▶ Action item
Set down exactly the lines below, starting at the one that contains "Niidor Women's Seamless" and ending at the one that contains "To My Daughter", with both of those lines included and nothing else.

Caption-style text data:
───
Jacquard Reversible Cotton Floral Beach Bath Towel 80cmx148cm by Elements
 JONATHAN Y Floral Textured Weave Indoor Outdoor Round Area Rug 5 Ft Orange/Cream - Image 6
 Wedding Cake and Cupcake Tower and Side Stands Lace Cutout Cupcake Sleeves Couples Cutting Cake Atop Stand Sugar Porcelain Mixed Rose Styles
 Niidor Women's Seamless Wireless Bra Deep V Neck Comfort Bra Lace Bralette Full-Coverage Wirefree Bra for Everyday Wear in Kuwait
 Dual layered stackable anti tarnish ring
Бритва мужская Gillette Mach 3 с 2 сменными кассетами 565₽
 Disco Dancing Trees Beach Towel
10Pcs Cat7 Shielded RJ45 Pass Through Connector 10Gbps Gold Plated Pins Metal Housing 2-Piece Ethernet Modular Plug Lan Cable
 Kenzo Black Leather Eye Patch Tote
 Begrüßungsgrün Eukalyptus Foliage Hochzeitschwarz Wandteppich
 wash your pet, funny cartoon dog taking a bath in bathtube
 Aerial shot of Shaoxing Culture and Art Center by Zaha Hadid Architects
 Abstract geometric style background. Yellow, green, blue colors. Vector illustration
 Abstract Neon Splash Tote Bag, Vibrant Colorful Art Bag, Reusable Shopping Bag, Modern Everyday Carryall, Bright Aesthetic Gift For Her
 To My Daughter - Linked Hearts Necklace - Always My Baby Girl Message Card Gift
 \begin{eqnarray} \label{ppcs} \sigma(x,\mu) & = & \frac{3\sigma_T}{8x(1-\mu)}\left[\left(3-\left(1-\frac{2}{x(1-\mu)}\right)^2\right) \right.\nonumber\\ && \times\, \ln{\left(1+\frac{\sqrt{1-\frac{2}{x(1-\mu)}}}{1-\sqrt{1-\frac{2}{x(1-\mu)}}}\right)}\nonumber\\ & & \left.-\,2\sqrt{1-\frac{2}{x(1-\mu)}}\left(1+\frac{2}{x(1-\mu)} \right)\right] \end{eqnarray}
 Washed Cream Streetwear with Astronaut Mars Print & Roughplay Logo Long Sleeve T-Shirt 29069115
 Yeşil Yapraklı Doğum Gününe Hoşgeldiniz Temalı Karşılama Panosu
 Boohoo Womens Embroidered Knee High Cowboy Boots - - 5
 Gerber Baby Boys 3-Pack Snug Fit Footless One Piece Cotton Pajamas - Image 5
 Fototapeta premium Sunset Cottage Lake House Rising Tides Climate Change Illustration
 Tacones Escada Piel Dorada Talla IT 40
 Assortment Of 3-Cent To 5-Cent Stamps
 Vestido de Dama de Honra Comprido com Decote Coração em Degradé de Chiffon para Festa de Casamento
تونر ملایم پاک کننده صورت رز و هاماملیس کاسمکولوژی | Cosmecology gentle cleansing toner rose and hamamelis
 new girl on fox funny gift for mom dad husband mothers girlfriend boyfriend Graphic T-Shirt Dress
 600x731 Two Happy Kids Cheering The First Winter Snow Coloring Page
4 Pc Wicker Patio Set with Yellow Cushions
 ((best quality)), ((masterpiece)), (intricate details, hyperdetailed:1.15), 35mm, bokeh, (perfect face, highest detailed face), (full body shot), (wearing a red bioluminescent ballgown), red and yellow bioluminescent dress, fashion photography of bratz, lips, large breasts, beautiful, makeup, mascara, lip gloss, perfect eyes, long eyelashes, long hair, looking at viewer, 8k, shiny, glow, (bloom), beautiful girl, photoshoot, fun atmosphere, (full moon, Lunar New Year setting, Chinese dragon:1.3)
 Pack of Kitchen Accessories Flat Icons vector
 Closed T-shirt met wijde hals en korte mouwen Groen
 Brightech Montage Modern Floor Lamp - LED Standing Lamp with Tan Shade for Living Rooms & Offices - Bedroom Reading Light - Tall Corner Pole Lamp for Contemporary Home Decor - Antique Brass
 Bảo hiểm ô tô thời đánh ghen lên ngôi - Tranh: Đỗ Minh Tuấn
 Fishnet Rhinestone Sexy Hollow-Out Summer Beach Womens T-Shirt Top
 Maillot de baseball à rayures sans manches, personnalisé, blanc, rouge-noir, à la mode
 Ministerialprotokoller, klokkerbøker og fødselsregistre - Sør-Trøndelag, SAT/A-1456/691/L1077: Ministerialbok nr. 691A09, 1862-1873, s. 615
───
▶ Output
 Niidor Women's Seamless Wireless Bra Deep V Neck Comfort Bra Lace Bralette Full-Coverage Wirefree Bra for Everyday Wear in Kuwait
 Dual layered stackable anti tarnish ring
Бритва мужская Gillette Mach 3 с 2 сменными кассетами 565₽
 Disco Dancing Trees Beach Towel
10Pcs Cat7 Shielded RJ45 Pass Through Connector 10Gbps Gold Plated Pins Metal Housing 2-Piece Ethernet Modular Plug Lan Cable
 Kenzo Black Leather Eye Patch Tote
 Begrüßungsgrün Eukalyptus Foliage Hochzeitschwarz Wandteppich
 wash your pet, funny cartoon dog taking a bath in bathtube
 Aerial shot of Shaoxing Culture and Art Center by Zaha Hadid Architects
 Abstract geometric style background. Yellow, green, blue colors. Vector illustration
 Abstract Neon Splash Tote Bag, Vibrant Colorful Art Bag, Reusable Shopping Bag, Modern Everyday Carryall, Bright Aesthetic Gift For Her
 To My Daughter - Linked Hearts Necklace - Always My Baby Girl Message Card Gift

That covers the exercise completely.